Doubtful loans amounted to EUR178.6bn in August, up from EUR173.2bn in July. The aggregated balance sheet of credit institutions also continued to shrink, amounting to EUR1.70trn against EUR1.72trn in July. This diminution came from a EUR7bn fall in mortgage loans and a EUR11.2bn fall in other fixed-term loans. As a result, the proportion of doubtful loans rose to 10.5%, up from 10.1% in July, compared with 5.1% at end-2009 and only 0.9% at end-2007. This indicates that the full impact of the bursting of the housing bubble on banks’ balance sheets is yet to be felt. The value and proportion of non-performing loans are expected to rise further in the coming year, resulting from both a continuing fall in property prices and a deterioration of the economic environment, especially the rise in unemployment.
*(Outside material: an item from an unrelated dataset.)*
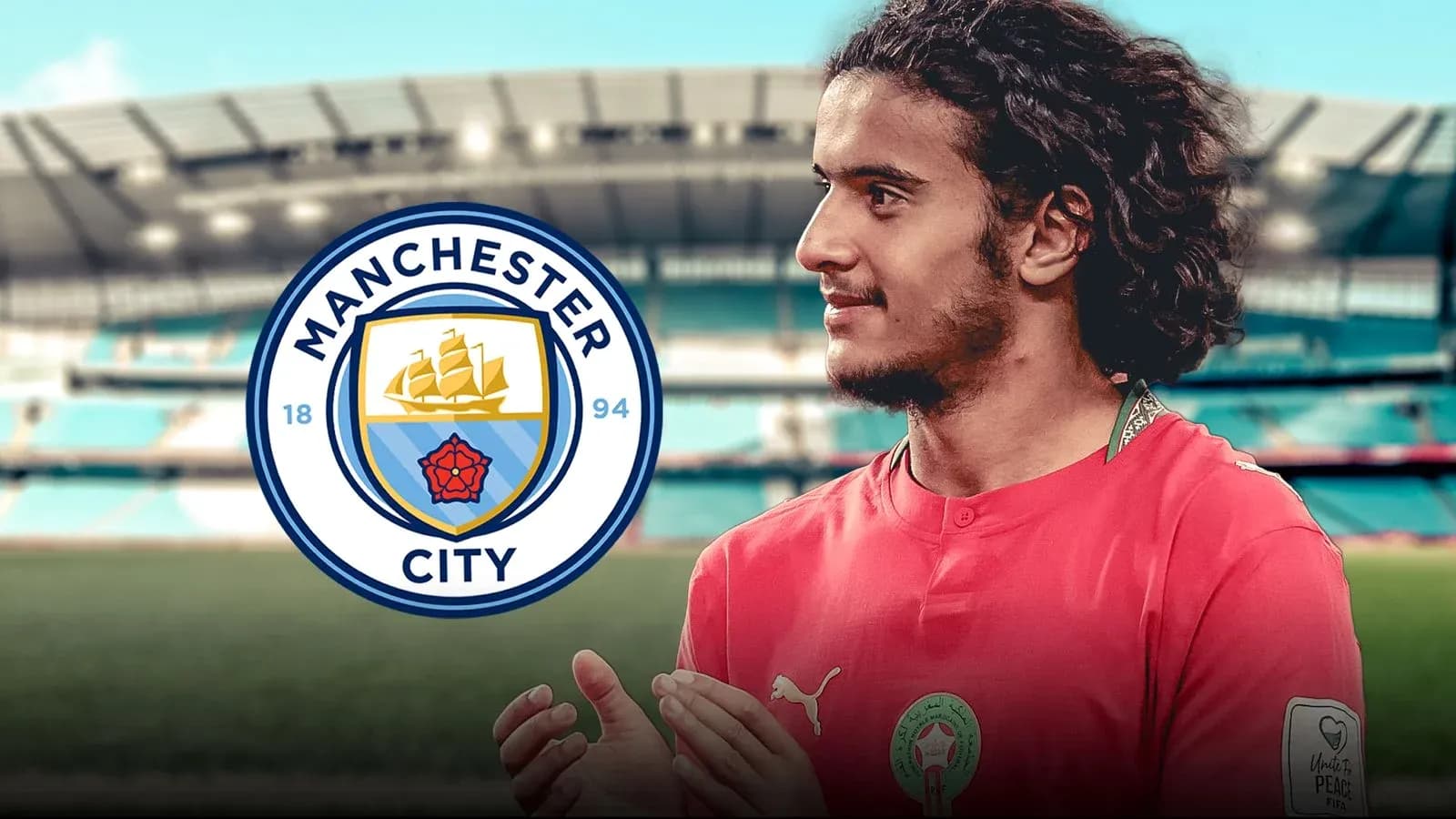 Player in Manchester City kit with stadium background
According to the central bank’s data on households’ financial accounts, their net financial assets fell to EUR702.5bn in the second quarter of 2012, down from EUR840.8bn a year earlier and EUR760.7 in the first quarter of 2012. Outstanding liabilities fell by EUR23.4bn, reflecting a EUR33bn shrinkage in outstanding loans and a EUR10bn increase in other accounts payable. However, the value of outstanding financial assets fell by EUR161.6bn during the same period. This was mainly attributable to a EUR150.5bn fall in the value of shares and equities, particularly unquoted shares. However, given the relatively good performance of Spanish stock in the third quarter, we expect the value of outstanding financial assets to rise again in the third quarter. Interestingly, the value of households’ deposits remained broadly stable, confirming our view that the capital flight witnessed in the past 12 months came mainly from companies and financial institutions.
Despite this background, on October 18th the country was able to issue about EUR4.6bn worth of bonds at lower rates than a month earlier. In particular, Spain’s 10-year bond yield fell to 5.42%, its lowest level since April. Although bad news is piling up on the economic front, market players seem more affected by the announcement by the European Central Bank (ECB) that it would intervene in secondary markets if Spain requested help from euro zone rescue funds. This announcement was also welcomed positively by some rating agencies, which in turn improved investor confidence.
Nevertheless, announcements during the EU summit on October 19th suggest that European leaders still have a long way to go before agreeing on the details of the bank bail-outs in Spain and in other countries. Uncertainty on this crucial issue and delays in Spain’s application for a bail-out of some sort will soon bring back market instability, at which point Spain will be forced into a bail-out, instead of voluntarily applying for one.